I hurt myself this year, cronologia di un’annata dannata
Questo è lo sfogo di un anima rotta, a pezzi, completamente fottuta. Ho un sacco di ferite nell’animo e nel cuore, calpestati e sputati da quella figlia di puttana comunemente detta vita. Riverso in queste righe tutta la mia rabbia e la mia impotenza nei confronti degli avvenimenti accaduti in questi mesi e che hanno cambiato in modo indelebile la mia esistenza. E cerco di farlo con ciò che ho a disposizione: le parole. Guardo questo strano e pazzo mondo dalla mia finestra.
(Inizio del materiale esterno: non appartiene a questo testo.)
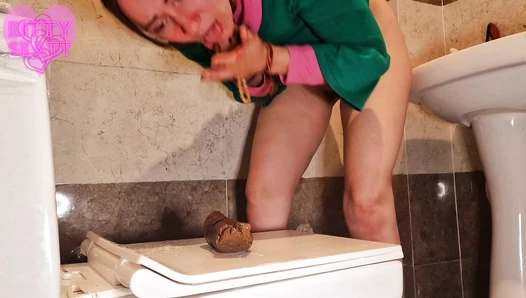 Kitty Skatt - Desperate Toilet Lid Release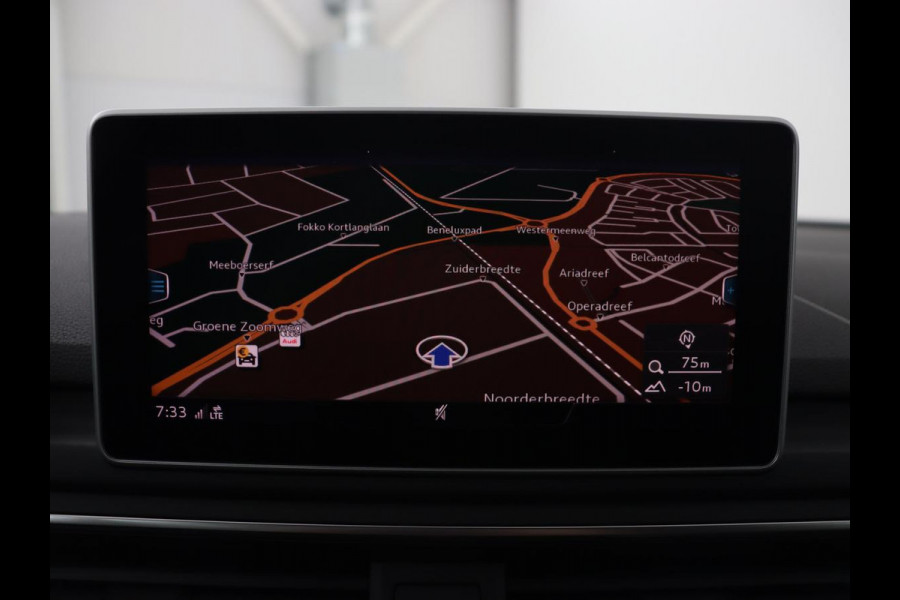 Audi A4 40 TFSI Sport S Line Black Edition | Stoelverwarming | Adaptive cruise | Keyless | Virtual Cockpit | Carplay | Half leder | Navigatie | Full LED | 19'' | Sportstoelen | Sfeerverlichting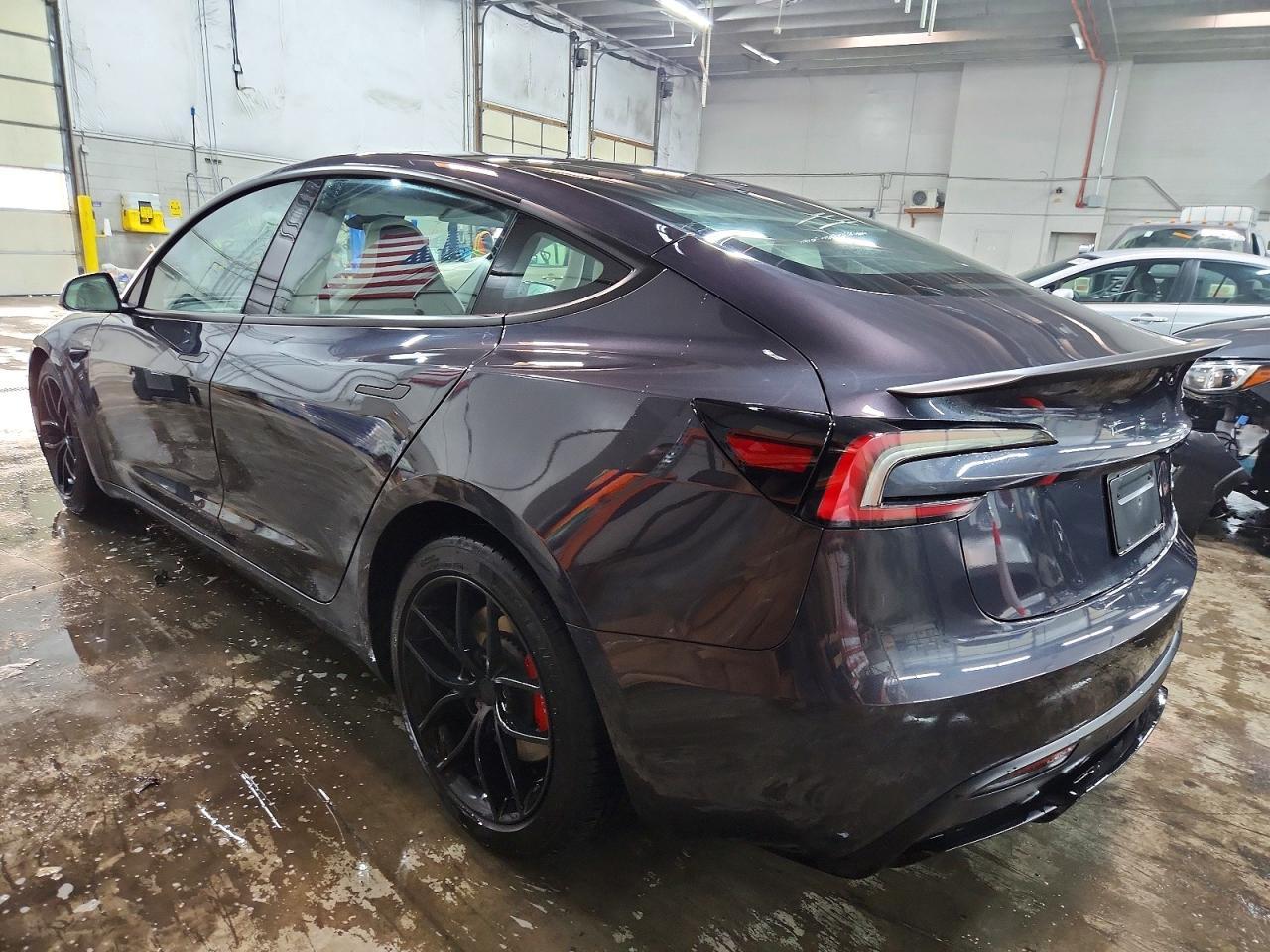 2024 Tesla Model 3 - Фото 2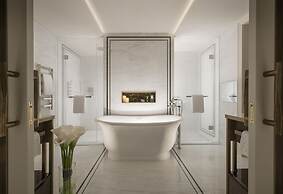 The Londoner Hotel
Lo guardo e lo riguardo, cercando di trovare un senso all’intermittenza delle luci natalizie di alcune case, desiderio di un disperato ritorno alla normalità. Una parola che in questo disastroso 2020 ho sentito pronunciare spesso, quasi come se ciò che abbiamo vissuto prima di questa pandemia fosse qualcosa di socialmente accettabile. Finisco il whiskey contenuto nel mio bicchiere e, quasi meccanicamente, provvedo a riboccarlo con del Wild Turkey, la benzina che scalda il cuore, spicciola psicologia alcolica, distillato per l’eradicazione di una tristezza apparentemente incurabile. Non ho mai amato tirare le somme alla fine di un anno, in quanto ho imparato a vivere giorno per giorno. Ma quest’anno, porca di quella puttana, il destino beffardo ha davvero fatto gli straordinari. Quindi li faccio anche io.
Resto a fissare le tenebre della stanza nella quale mi trovo, attenuate da quelle luci natalizie che sembrano voler disperatamente dare una visione positiva del mondo a chi, quella visione positiva, l’ha persa da tempo. Continuo a sorseggiare il mio drink mentre contemplo i cambiamenti avvenuti negli ultimi mesi nella mia vita. Amici in difficoltà, alcuni scomparsi, la pandemia, i pochi contatti sociali ridotti a chiamate telefoniche o a messaggi audio sulle piattaforme di messaggistica istantanea e l’antropizzazione dei rapporti umani. Un mondo plastico, decisamente virtuale, nel quale mi sento sempre più fuori posto. Ripenso al mio cane Max, cucciolone di una vita, che mi ha lasciato per sempre a marzo per via di un male che me lo ha portato via nel giro di due giorni. E ripenso anche a mio padre, prematuramente scomparso in un’incerta mattinata di inizio ottobre a causa di un’infarto dopo una battaglia di tre settimane, che rimane il dolore più grande di tutti. E mi ritrovo a piangere, senza che io possa farci nulla.
La vita, chiunque tu sia intento a leggere lo sproloquio di un povero stronzo dal bicchiere lesto e dalla penna in fiamme, ci scombina sempre le carte in tavola. Sta a noi riuscire ad avere l’ultima mano vincente per poterle ridere in faccia. E mentre la cover di Hurt dei Nine Inch Nails eseguita da Johnny Cash risuona nella stanza posso affermare con assoluta certezza che si, quest’anno mi ha profondamente ferito. Ma sto tornando, più pazzo e cazzuto di prima. E questa, credetemi, è una promessa.